The ad featured both Honey Nut Shredded Wheat, which contains added sugar in the form of honey, and Shredded Wheat Original and Bitesize, which has no added sugar.
It showed a man in historical dress exercising in a variety of ways and handling wheat, with a voiceover playing as a packshot of Original and Bitesize Shredded Wheat is seen. The voiceover continues into a following scene showing the same man tasting honey from a jar, alongside a packshot of Honey Nut Shredded Wheat.
The ad, created by McCann London, drew a complaint in relation to the "no added sugar" statement appearing to relate to both types of cereal.

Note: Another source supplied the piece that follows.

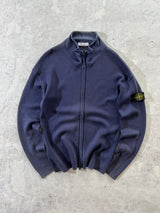 AW/04 Stone Island Zip Up Jumper (XXL)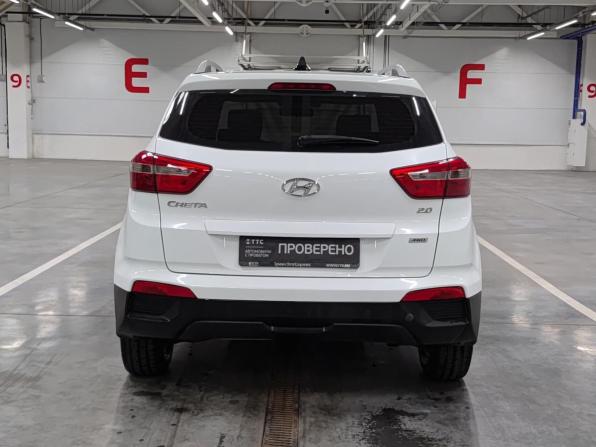 Hyundai Creta I с пробегом 2016 года, цена 1 505 000 рублей, 120514 км, внедорожник, Автокод Объявления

Cereal Partners UK stated that the ad was actually two ads – a Shredded Wheat Original ad that had been tagged with a second ad for Honey Nut Shredded Wheat and stated that the closing end-frame format was common amongst many advertisers, and it considered that the average consumer would recognise that there were two distinct and separate sections for different products.
The ASA acknowledged that the ad featured two sections separated by a pack-shot and logo "peel", and that Cereal Partners UK considered that it was therefore clear to consumers that the claim "no added ... sugar" would apply only to the original variant of the product.
However, the ASA noted that the theme of the ad, with the same character and setting, carried through this packshot and linked the two sections together, and considered that consumers were consequently likely to interpret the ad as one whole, rather than two separate sections.
It considered that viewers would therefore understand the "no added sugar" claim to apply to all products with only the addition of natural honey, rather than supplementary sugar, in the Honey Nut variety.
The ASA ruled that ad must not appear again in its current form and told Cereal Partners UK to ensure that future ads for multiple products made clear to which product the relevant nutritional claims applied.